### Data for analysis

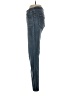 Haggar Solid Blue Jeans Size 2 - photo 5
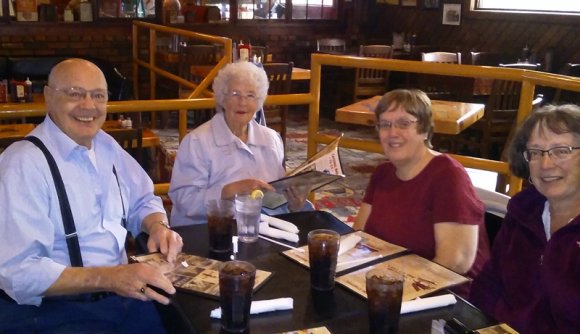 05 robert helen paulette judy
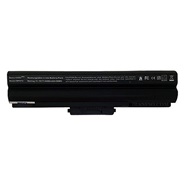 Sony Vaio BPS13 6Cell Laptop Battery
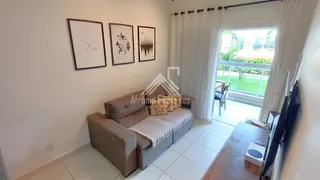 Apartamento com 3 Quartos à venda, 72m² no Lagoinha, Eusébio - Foto 14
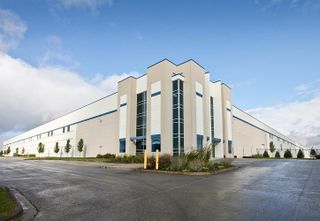 3851 Youngs Road, Joliet, IL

######

Transcribe exactly the portion of the material above that runs from the line containing "Apartamento com 3" through its last line, omitting all pictures.

Output for this exercise —
 Apartamento com 3 Quartos à venda, 72m² no Lagoinha, Eusébio - Foto 14
 3851 Youngs Road, Joliet, IL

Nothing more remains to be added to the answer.